Ah the inevitable backlash, it was so predictable wasn’t it? YouTube sensation Zoella has suffered the quick fire annihilation reserved for almost all stars that go from niche to over-exposed in three months flat. Twenty- four year old Zoe Sugg went from teenybop blogger to international celeb with a book deal and beauty line to boot. She was in Vogue! In the Band Aid video! Honestly, I would be shocked if she wasn’t asked to perform a parody of Zoella (ella eh eh) in the X Factor finals.

BAD CALL

Her tween novel, Girl Online, became the fastest selling debut ever with more than 78,000 copies flying off shelves in the first week. It was then revealed that her book had had a great deal of ‘editorial assistance’ courtesy of a ghost writer. This last minute admission was a bad call, it seems, from Team Zoella who has been pushing good old honesty as her USP from the start.

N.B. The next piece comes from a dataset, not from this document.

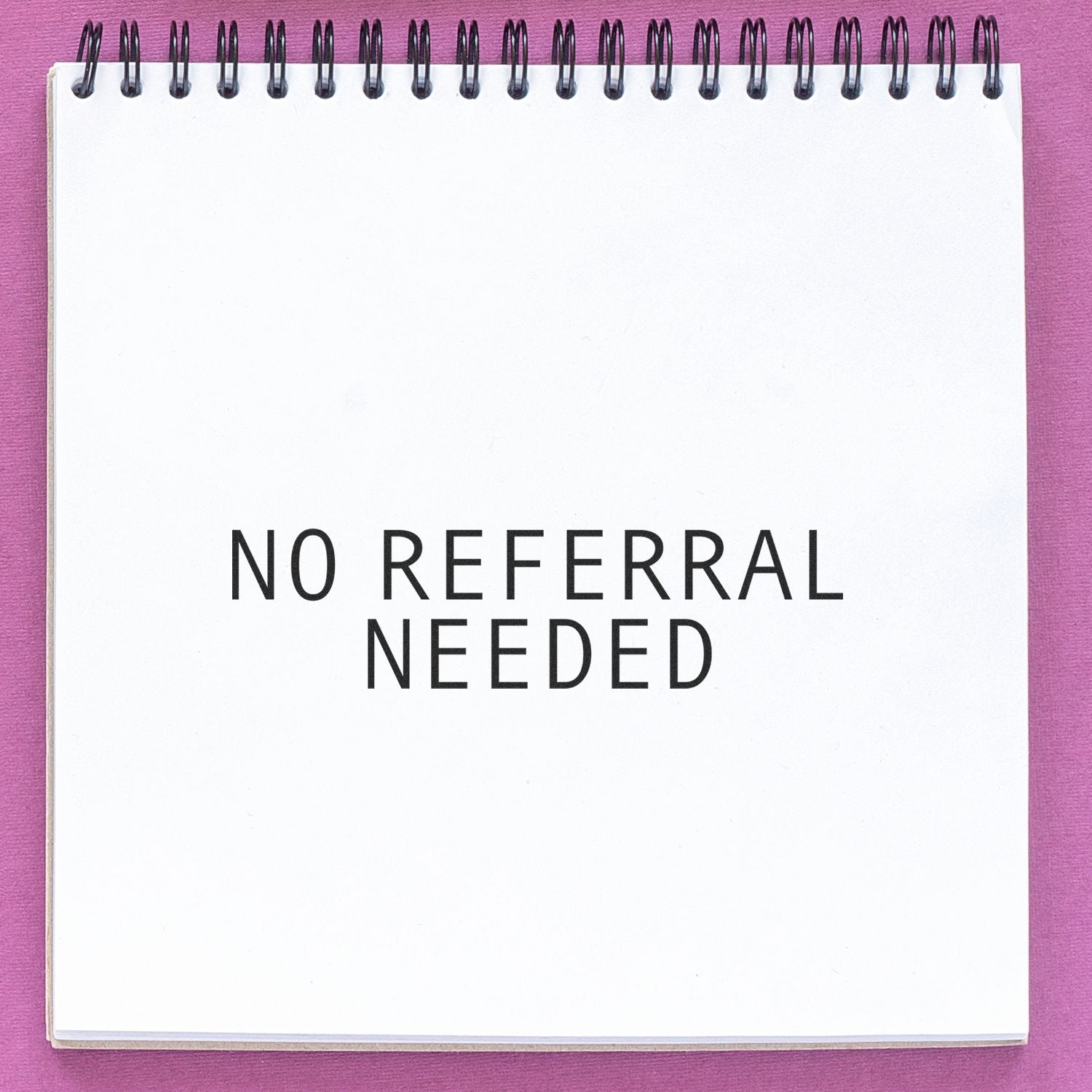 No Referral Needed Medical Rubber Stamp impression on a white spiral notebook, placed on a pink surface.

Some have rallied to defend the first-time author, saying that taking on a ghost writer was just common sense, echoing her PR team’s sentiment: “it’s difficult isn’t it, when you’ve never written a book before” . Others feel aghast that someone who has built a whole brand around authenticity can betray her thousands of young fans by selling a book as her own work when that might not entirely be the case.

Everyone from The Sunday Times to Katie Hopkins have attacked Zoella’s ‘fakery’, and the fallout from disappointed fans forced both Zoella and her boyfriend (and fellow vlogger) Alfie to take to the Twittersphere and announce they were ‘quitting the internet’ for a couple of days.

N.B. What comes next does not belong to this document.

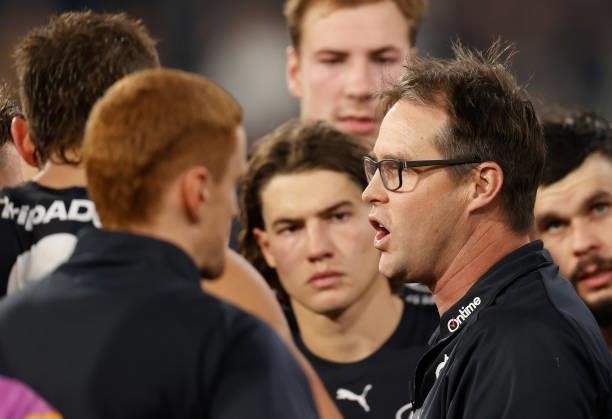 David Teague, Senior Coach of the Blues addresses his players during the 2021 AFL Round 17 match between the Carlton Blues and the Geelong Cats at...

But is the ghost writing revelation really the problem here? I doubt that people would bat an eyelid if it was revealed that someone from Made in Chelsea had published a book that wasn’t exactly written by them. Are the haters quick to blast Zoella in particular because she is so… well, normal? People seem to have something against her because she’s a little too sweet and fame came to her that little bit too easily. In short, it’s like if you next door neighbour became an internet sensation overnight. Where was the struggle? The years slaving away at uni or in an internship? Somewhat unbelievably, Zoella has made an entire career from being pretty, happy and doing normal things normal young people do.

ROLE MODEL

Yes, arguably Zoella is the colour beige personified; this decade’s version of Lauren Conrad – safe, predictable and gloriously normal. But in a world of Tay- Swift’s A-List breakups and Kim K’s oiled up backside, does normal even cut it any more? Thankfully yes. Personally I like my beige celebrities circa 2004, wearing a poor selection of headbands (hey again LC), and I can understand Zoella’s mass appeal: nonthreatening and uncontroversial. There are certainly worse people for young girls to be obsessively googling in their bedrooms. In fact, if you want your little sister to have a celeb idol, you want ti to be Zoella.

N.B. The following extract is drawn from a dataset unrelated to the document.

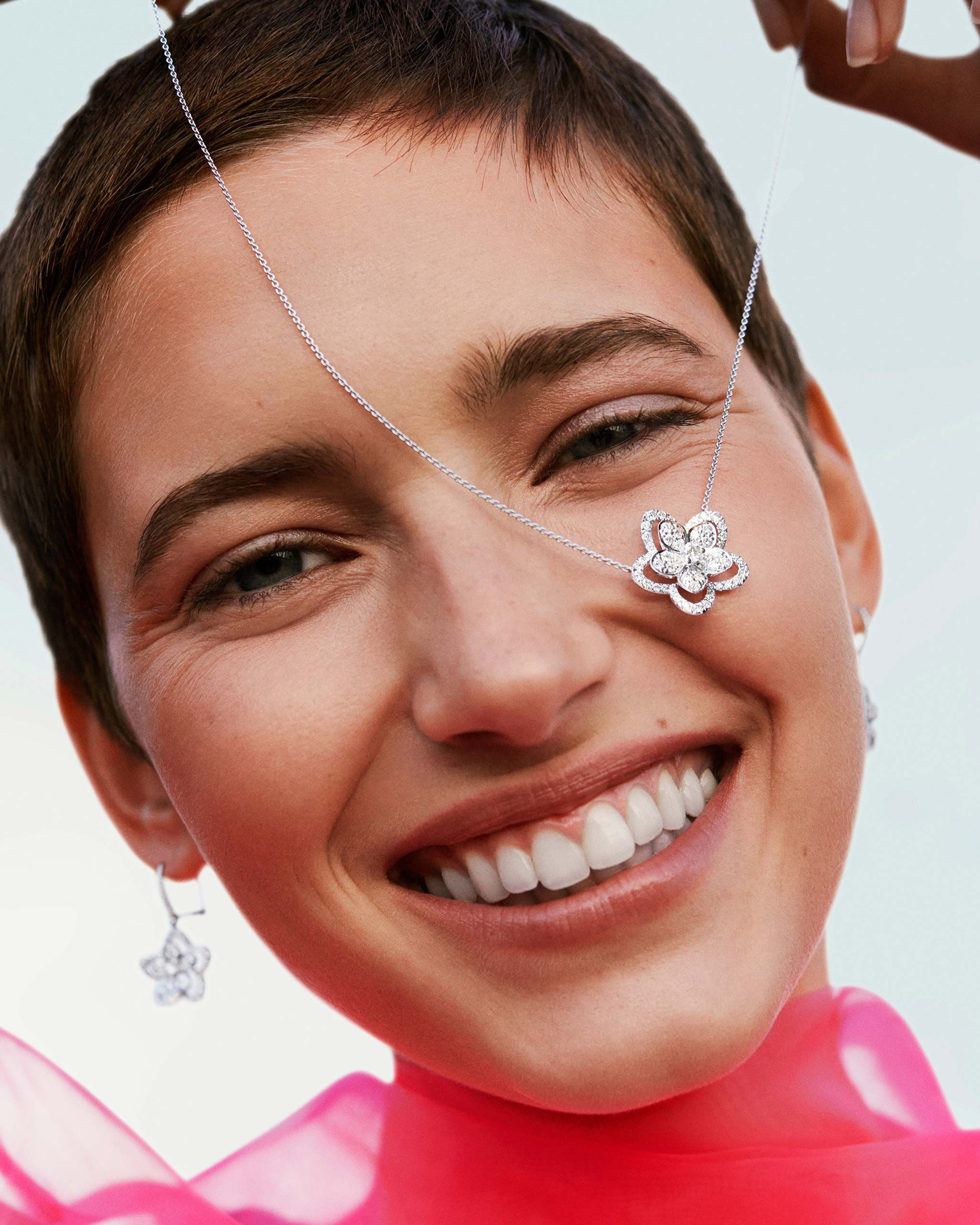Close up of a model wearing the Graff Wild Flower jewellery collection diamond earrings & pendant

Or maybe the real problem is that Zoella’s success is no longer so cookie cutter cute and simple – she is now a global vlogging star, YouTube famous on an almost unparalleled level. She no longer fits ‘brand normal’. She now vlogs from her penthouse rather than her bedroom at her parents’ and she’s ditched her apprenticeship to become a full time Vlogger – with an estimated income of nearly £300,000 a year. She has six million YouTube subscribers and 2.2 million Instagram follows. In other words, she’s far from being a normal 24 year old girl.

As far as Twitter is concerned, she has now entered the celebrity arena, where building her up and then knocking her down is all part of the game. As a society we have become obsessed with tearing people in the public eye down because they’re too smug (Gwyneth), too try hard (Gaga) or too provocative (everyone with a music video and a bum). Now those that once rolled their eyes at Zoella’s banality can’t even do that anymore – so they’ve reverted to slamming her for being a cheat and a liar.

But what makes people most angry, it seems, is when something trivial has mass effect on pop culture, our news and even our tweets. But slamming them on Twitter is of course counterproductive – you’re only going to make them more famous. So maybe it’s time we paid less attention to those breaking the internet and follow Zoella’s lead and quit it instead. Now that would be something really abnormal.